_Material provided_:
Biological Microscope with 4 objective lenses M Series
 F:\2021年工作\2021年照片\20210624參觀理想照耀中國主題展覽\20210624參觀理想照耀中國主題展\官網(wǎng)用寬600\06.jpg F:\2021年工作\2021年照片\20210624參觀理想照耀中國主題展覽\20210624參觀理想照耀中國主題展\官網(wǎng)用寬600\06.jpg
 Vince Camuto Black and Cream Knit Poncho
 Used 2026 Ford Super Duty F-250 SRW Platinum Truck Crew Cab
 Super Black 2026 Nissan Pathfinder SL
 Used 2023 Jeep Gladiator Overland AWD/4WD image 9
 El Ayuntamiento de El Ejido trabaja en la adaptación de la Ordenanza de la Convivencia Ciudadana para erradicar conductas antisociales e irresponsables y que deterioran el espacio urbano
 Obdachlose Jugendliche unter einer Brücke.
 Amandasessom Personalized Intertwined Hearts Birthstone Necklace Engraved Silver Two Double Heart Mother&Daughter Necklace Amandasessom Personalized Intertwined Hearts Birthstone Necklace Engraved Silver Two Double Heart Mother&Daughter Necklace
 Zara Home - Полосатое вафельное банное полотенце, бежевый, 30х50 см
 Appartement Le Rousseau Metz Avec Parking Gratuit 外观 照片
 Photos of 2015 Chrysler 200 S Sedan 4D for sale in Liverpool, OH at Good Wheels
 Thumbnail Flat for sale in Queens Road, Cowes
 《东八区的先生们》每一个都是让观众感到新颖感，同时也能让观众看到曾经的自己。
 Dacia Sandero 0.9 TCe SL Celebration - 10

_Exercise_: Stop after the line containing "Vince Camuto Black and Cream Knit Poncho": print exactly the lines from the start of the entries above up to it, that line included.

_Result of this exercise_:
Biological Microscope with 4 objective lenses M Series
 F:\2021年工作\2021年照片\20210624參觀理想照耀中國主題展覽\20210624參觀理想照耀中國主題展\官網(wǎng)用寬600\06.jpg F:\2021年工作\2021年照片\20210624參觀理想照耀中國主題展覽\20210624參觀理想照耀中國主題展\官網(wǎng)用寬600\06.jpg
 Vince Camuto Black and Cream Knit Poncho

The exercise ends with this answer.